La técnica pictórica

 

Retrato de una niña. Chevalier de Chateaubourg. 1807

La ejecución del retrato comienza con la realización de un dibujo preparatorio; hemos encontrado algunos a lápiz, pero el acceso a los dibujos preparatorios no siempre es fácil debido a que en unos casos han quedado ocultos por la pintura, y en otros porque fueron realizados con pincel, utilizando la misma técnica y el mismo pigmento que las miniaturas, con lo que queda mimetizado. En el Retrato de una niña, de Dechateaubourg (O-675), se puede apreciar la precisión con la que están dibujados el traje y el lazo del cordoncillo fig. 3. Resulta interesante el retrato de Isabel II por Juan Pérez de Villamayor (O-698), fig. 4 pues en él puede apreciarse una cuadrícula a la altura del traje y unas líneas que determinan la posición de la boca; se trata de un retrato institucional que posiblemente fue realizado a partir de un boceto de mayor tamaño y que se redujo con la técnica de la cuadrícula.

Para la película pictórica se utilizaban pigmentos con aglutinantes solubles en agua.
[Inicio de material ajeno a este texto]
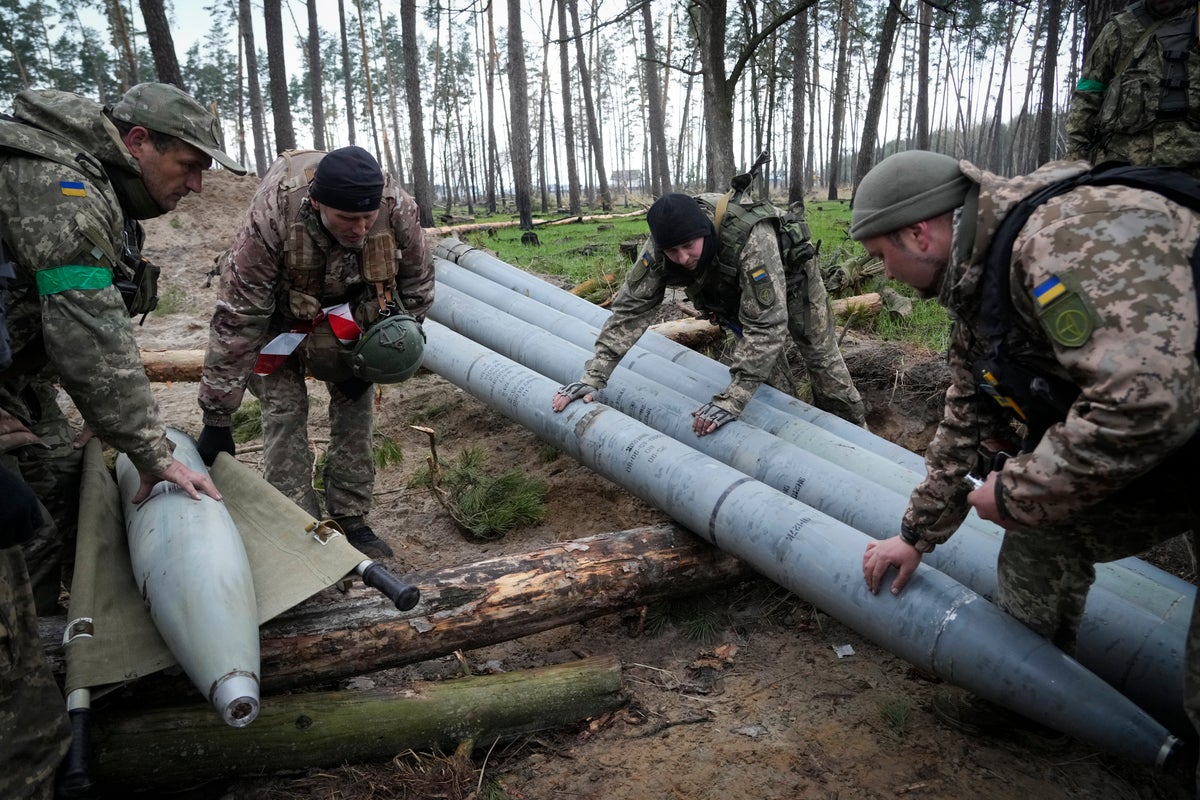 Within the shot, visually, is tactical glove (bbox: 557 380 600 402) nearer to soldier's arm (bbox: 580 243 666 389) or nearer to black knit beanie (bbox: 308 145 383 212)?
soldier's arm (bbox: 580 243 666 389)

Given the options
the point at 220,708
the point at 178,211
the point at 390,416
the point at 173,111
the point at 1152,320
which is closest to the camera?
the point at 1152,320

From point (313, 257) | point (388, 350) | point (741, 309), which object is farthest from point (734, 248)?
point (313, 257)

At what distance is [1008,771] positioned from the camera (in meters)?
2.29

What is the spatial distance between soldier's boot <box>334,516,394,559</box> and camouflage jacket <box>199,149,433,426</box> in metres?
0.95

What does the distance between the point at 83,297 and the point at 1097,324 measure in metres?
2.67

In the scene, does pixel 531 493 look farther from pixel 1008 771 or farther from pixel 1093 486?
pixel 1093 486

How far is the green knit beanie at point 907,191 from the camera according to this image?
188cm

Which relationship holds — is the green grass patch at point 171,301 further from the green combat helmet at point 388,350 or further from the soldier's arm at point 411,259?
the green combat helmet at point 388,350

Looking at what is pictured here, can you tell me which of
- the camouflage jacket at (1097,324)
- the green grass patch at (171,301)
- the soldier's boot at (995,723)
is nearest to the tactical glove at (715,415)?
the soldier's boot at (995,723)

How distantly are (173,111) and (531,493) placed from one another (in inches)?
104

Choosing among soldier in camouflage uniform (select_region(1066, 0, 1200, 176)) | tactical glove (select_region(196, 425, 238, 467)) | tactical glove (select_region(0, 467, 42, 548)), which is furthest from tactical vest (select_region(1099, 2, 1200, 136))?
tactical glove (select_region(0, 467, 42, 548))

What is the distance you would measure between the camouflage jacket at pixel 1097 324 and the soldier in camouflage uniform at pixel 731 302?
6.76ft

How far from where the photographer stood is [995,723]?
239cm

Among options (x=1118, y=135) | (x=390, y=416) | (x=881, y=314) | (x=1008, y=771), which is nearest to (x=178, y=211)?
(x=390, y=416) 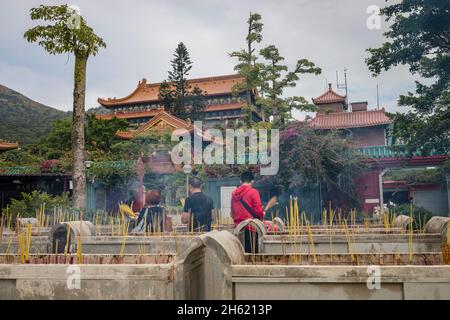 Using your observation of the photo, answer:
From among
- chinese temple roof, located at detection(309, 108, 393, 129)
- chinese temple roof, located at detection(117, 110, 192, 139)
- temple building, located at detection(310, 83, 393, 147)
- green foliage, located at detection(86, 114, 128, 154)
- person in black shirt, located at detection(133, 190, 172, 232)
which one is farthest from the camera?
chinese temple roof, located at detection(309, 108, 393, 129)

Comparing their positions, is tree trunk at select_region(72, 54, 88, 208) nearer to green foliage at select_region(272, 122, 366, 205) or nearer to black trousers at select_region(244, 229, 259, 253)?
green foliage at select_region(272, 122, 366, 205)

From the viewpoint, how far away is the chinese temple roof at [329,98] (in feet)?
93.6

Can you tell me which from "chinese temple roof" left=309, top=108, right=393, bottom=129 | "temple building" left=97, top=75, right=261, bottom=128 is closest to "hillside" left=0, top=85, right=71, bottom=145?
"temple building" left=97, top=75, right=261, bottom=128

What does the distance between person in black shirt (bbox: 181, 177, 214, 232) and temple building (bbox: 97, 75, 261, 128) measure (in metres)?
22.1

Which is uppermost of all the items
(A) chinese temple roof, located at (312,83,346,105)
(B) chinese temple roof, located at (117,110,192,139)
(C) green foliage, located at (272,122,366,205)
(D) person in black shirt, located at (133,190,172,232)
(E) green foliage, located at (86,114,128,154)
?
(A) chinese temple roof, located at (312,83,346,105)

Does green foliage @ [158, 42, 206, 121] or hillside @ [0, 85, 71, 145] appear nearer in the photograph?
green foliage @ [158, 42, 206, 121]

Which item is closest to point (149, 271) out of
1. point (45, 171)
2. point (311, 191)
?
point (311, 191)

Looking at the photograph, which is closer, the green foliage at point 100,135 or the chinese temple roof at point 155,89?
the green foliage at point 100,135

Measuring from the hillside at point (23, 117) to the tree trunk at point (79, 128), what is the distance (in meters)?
26.2

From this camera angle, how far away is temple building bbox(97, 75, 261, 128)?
2811cm

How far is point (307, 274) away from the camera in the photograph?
8.85 feet

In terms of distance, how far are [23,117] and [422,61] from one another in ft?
131

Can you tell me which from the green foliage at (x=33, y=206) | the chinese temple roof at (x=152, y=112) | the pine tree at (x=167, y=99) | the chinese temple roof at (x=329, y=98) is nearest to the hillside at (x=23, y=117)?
the chinese temple roof at (x=152, y=112)

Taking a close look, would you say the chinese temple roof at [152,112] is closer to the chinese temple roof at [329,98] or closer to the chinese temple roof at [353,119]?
the chinese temple roof at [329,98] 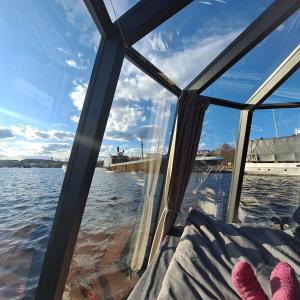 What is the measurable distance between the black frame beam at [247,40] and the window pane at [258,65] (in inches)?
5.2

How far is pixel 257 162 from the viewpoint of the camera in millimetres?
4309

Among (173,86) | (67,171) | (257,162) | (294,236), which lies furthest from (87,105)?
(257,162)

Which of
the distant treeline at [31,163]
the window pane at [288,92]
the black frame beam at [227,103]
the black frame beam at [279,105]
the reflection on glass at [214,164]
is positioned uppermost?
the window pane at [288,92]

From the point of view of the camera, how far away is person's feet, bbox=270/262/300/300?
1.34 m

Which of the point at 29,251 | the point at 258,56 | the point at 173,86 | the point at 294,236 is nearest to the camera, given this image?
the point at 29,251

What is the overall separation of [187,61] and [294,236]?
180cm

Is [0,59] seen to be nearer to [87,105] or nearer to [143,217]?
[87,105]

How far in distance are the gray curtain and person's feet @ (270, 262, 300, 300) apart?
162cm

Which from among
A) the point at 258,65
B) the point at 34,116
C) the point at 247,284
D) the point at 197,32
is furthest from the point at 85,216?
the point at 258,65

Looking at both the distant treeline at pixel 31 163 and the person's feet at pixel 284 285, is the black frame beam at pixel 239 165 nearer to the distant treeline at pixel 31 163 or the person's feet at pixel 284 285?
the person's feet at pixel 284 285

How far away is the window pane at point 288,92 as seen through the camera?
11.0 ft

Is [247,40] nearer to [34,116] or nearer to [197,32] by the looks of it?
[197,32]

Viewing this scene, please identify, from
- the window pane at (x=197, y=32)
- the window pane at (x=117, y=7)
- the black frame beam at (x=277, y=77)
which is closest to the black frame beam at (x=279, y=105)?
the black frame beam at (x=277, y=77)

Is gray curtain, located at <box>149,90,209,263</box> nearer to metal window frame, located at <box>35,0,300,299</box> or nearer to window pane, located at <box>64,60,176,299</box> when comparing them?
window pane, located at <box>64,60,176,299</box> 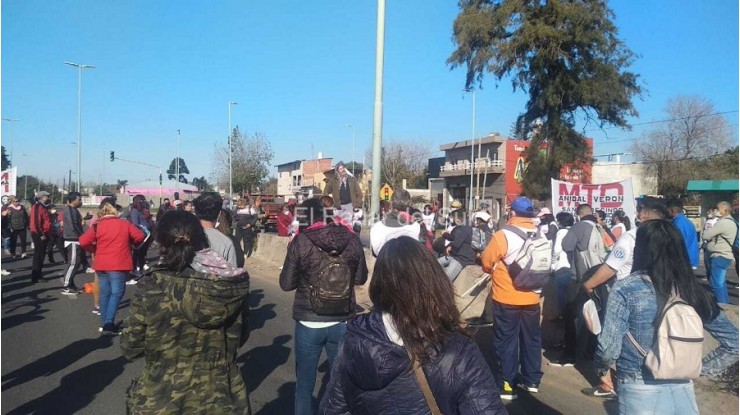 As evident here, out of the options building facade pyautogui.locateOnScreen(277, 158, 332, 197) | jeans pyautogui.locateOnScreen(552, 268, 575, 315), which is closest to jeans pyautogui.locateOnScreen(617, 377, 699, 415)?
jeans pyautogui.locateOnScreen(552, 268, 575, 315)

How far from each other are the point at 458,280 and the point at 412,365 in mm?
6660

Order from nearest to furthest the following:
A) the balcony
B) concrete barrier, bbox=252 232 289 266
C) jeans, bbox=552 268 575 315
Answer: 1. jeans, bbox=552 268 575 315
2. concrete barrier, bbox=252 232 289 266
3. the balcony

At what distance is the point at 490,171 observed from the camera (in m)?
54.6

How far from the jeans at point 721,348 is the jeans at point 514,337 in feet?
7.46

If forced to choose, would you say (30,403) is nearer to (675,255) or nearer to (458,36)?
(675,255)

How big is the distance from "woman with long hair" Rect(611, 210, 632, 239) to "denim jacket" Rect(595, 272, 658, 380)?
5.92 metres

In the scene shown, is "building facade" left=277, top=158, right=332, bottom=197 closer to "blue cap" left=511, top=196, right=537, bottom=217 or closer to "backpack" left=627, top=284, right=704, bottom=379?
"blue cap" left=511, top=196, right=537, bottom=217

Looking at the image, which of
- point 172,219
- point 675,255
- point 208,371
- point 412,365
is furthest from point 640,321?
point 172,219

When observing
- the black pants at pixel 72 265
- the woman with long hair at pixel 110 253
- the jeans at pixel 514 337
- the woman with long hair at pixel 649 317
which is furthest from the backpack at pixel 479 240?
the black pants at pixel 72 265

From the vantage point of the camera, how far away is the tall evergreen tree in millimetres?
26250

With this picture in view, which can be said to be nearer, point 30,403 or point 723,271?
point 30,403

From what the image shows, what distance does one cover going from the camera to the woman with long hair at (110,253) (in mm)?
7352

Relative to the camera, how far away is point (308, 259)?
4.26 m

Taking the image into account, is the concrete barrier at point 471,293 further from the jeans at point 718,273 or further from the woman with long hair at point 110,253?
the jeans at point 718,273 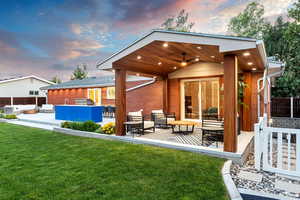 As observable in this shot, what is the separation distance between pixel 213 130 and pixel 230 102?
1338mm

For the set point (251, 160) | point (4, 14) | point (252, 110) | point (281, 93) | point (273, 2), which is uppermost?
point (273, 2)

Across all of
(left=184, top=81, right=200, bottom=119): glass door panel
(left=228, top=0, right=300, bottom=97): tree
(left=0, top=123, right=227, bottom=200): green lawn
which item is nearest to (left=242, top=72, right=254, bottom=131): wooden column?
(left=184, top=81, right=200, bottom=119): glass door panel

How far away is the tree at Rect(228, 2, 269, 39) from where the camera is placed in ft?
67.5

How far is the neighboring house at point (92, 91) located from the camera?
1444 cm

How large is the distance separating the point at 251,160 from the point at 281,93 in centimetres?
1520

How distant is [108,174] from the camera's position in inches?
140

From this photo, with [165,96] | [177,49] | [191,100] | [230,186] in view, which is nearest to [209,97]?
[191,100]

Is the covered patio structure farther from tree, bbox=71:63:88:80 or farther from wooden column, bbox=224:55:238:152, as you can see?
tree, bbox=71:63:88:80

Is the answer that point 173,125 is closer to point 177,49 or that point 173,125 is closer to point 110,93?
point 177,49

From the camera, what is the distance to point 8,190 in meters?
2.96

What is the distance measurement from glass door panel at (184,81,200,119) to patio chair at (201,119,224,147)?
3145 mm

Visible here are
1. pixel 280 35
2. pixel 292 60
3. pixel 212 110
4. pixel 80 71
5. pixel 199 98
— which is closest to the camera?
pixel 212 110

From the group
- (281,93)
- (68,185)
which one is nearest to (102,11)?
(68,185)

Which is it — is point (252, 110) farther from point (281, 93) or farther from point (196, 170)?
point (281, 93) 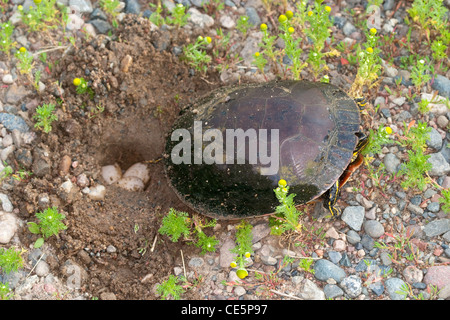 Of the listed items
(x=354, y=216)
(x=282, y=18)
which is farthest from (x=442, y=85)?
(x=282, y=18)

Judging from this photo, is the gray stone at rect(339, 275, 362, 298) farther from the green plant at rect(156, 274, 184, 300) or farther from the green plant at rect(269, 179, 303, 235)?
the green plant at rect(156, 274, 184, 300)

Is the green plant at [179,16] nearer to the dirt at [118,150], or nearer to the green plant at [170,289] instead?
the dirt at [118,150]

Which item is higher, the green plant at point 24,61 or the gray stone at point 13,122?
the green plant at point 24,61

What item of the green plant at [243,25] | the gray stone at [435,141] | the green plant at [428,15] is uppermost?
the green plant at [428,15]

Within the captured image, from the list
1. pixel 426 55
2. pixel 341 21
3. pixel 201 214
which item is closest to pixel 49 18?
pixel 201 214

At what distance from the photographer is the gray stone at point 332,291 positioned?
4426 mm

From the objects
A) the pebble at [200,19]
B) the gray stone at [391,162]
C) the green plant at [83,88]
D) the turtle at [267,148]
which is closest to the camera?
the turtle at [267,148]

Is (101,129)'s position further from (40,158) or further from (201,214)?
(201,214)

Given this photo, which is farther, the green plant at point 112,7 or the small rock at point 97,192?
the green plant at point 112,7

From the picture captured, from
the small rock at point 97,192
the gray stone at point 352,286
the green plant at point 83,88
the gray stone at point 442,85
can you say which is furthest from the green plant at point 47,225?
the gray stone at point 442,85

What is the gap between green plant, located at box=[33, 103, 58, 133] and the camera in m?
5.08

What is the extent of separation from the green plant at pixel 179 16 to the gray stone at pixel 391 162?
290 centimetres

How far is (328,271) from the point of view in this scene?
4516mm

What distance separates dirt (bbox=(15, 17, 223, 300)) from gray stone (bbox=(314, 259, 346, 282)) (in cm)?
130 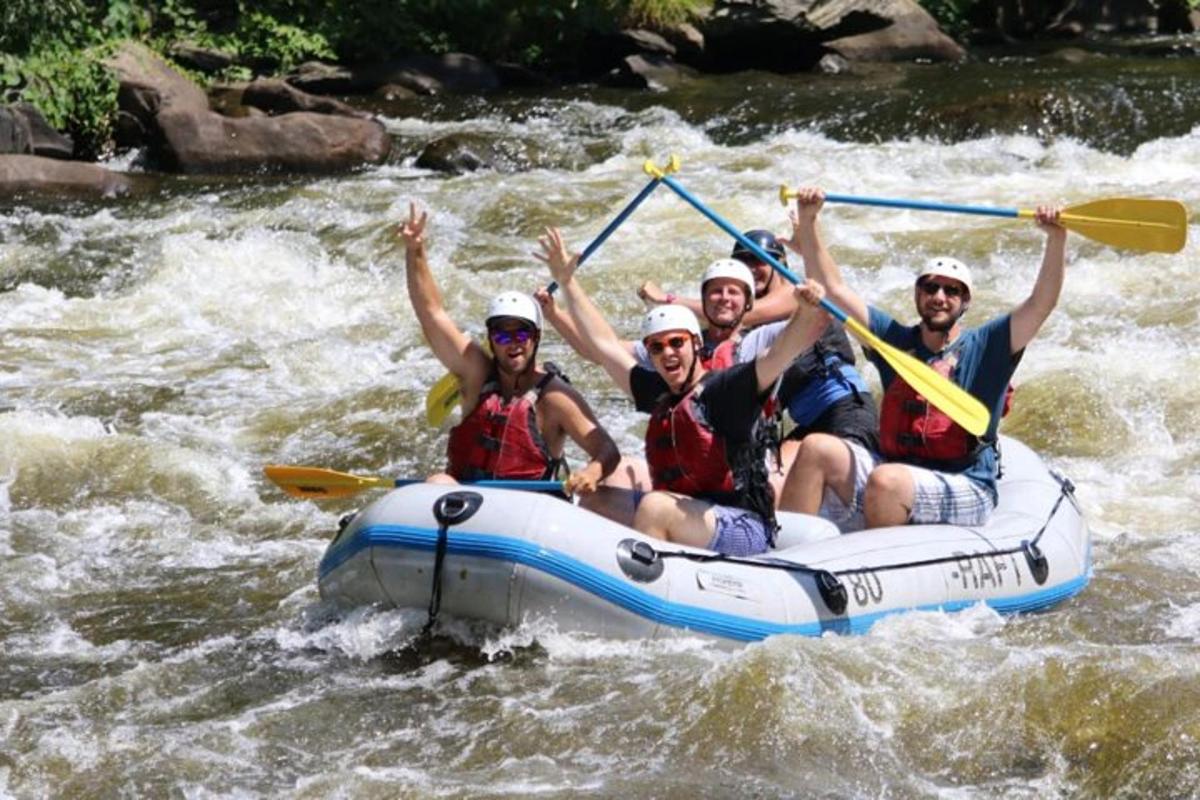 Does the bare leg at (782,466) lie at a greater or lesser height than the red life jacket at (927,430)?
lesser

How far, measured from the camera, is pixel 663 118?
15.0m

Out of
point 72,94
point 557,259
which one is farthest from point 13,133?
point 557,259

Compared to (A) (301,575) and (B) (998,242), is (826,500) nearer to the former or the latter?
(A) (301,575)

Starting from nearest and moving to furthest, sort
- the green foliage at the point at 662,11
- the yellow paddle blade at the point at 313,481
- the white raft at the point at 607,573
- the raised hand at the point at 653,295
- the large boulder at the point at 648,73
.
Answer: the white raft at the point at 607,573, the yellow paddle blade at the point at 313,481, the raised hand at the point at 653,295, the large boulder at the point at 648,73, the green foliage at the point at 662,11

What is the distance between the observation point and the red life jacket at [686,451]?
5512mm

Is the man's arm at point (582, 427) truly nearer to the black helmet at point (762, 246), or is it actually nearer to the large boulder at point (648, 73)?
the black helmet at point (762, 246)

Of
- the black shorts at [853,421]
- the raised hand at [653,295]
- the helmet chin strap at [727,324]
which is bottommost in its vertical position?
the black shorts at [853,421]

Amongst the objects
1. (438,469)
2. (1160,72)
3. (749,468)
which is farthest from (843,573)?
(1160,72)

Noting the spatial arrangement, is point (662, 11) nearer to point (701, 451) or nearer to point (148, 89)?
point (148, 89)

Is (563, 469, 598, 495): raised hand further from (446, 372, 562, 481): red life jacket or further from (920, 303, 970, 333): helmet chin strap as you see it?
(920, 303, 970, 333): helmet chin strap

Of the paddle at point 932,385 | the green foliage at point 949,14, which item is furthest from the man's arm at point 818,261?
the green foliage at point 949,14

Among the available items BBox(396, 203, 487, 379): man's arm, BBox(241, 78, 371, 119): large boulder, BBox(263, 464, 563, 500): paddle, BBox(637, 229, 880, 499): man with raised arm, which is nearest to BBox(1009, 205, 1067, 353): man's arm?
BBox(637, 229, 880, 499): man with raised arm

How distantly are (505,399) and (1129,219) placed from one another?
92.6 inches

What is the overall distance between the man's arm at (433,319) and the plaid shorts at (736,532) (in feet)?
3.02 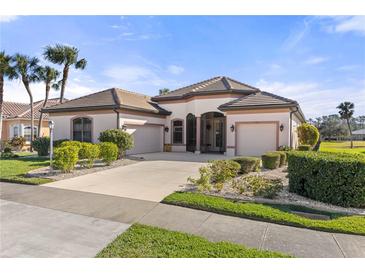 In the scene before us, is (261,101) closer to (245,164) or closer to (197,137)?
(197,137)

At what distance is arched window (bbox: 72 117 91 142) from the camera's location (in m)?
17.8

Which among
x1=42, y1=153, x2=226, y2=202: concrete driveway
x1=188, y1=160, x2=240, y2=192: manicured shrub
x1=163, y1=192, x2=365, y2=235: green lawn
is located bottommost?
x1=163, y1=192, x2=365, y2=235: green lawn

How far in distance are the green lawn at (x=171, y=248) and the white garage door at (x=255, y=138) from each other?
12989 mm

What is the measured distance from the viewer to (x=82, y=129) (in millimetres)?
18062

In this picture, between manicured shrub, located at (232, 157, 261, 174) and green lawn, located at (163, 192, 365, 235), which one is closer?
green lawn, located at (163, 192, 365, 235)

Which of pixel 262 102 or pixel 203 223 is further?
pixel 262 102

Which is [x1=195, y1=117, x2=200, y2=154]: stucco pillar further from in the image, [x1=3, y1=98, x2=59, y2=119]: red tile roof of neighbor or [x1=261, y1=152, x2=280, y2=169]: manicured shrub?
[x1=3, y1=98, x2=59, y2=119]: red tile roof of neighbor

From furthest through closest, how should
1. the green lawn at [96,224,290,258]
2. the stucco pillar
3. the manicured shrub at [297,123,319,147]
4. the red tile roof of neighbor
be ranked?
the red tile roof of neighbor, the stucco pillar, the manicured shrub at [297,123,319,147], the green lawn at [96,224,290,258]

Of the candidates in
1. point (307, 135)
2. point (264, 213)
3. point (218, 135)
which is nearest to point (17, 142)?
point (218, 135)

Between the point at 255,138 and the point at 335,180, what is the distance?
1022 centimetres

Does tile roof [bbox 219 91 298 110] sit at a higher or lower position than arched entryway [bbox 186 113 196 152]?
higher

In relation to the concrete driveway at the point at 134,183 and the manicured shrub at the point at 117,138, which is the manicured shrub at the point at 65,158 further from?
the manicured shrub at the point at 117,138

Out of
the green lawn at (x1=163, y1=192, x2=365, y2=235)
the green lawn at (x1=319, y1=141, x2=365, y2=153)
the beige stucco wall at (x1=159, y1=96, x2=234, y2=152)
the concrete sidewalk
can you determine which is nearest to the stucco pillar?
the beige stucco wall at (x1=159, y1=96, x2=234, y2=152)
Es difícil precisar el tipo de aglutinante que se empleó debido al pequeño tamaño de este tipo de obras y a la finura de la película pictórica, que impiden tomar una micromuestra representativa para su análisis. Habitualmente, para conocer los aglutinantes se ha recurrido a los tratados antiguos que generalizan sobre las técnicas al temple o guache; sin embargo, durante la restauración del Retrato de una niña (O-675) se desprendió una muestra de capa pictórica, y su análisis2 precisó que el aglutinante empleado fue la goma arábiga, propio de la acuarela. En su uso se podía variar la carga de pigmento o añadir aditivos, permitiendo al artista utilizar tanto pinceladas traslúcidas que jugaban con las transparencias del marfil, como pinceladas densas y opacas que ocultaban el soporte.

Fundamentalmente, en la colección del Prado hemos hallado tres técnicas pictóricas: transparencias a modo de acuarela, puntillismo y tramado o pinceladas opacas superpuestas. Hay miniaturas que utilizan sólo una de estas técnicas; sin embargo, lo más habitual fue emplearlas a la par. En general, para los rostros y las carnaciones se solía emplear el puntillismo (stipping) y el tramado (hatching), fig. 5 como en el Retrato de una señora mayor de Antonio Tomasich (O-781), en el que hay una gran densidad de puntos; o en el citado Retrato de una niña de Dechateaubourg (O-675), donde la densidad es menor. En algunos casos, el puntillismo fue aplicado sobre unas veladas pinceladas que se utilizarían como primeras líneas de la composición. Hay pocos casos en la colección en los que el rostro fuera realizado con las transparencias propias de acuarela; el ejemplo más espectacular es el Retrato de niño (O-676), en el que con unas pocas pinceladas sobre el tono traslucido del marfil, su anónimo autor consiguió dar un efecto de volumen impresionista fig. 6. En la grisalla con el Retrato de perfil de dos jóvenes, atribuida a Bourgeois de la Richardière (O-687), el trazo está realizado en negro con algunas pinceladas blancas fig. 7.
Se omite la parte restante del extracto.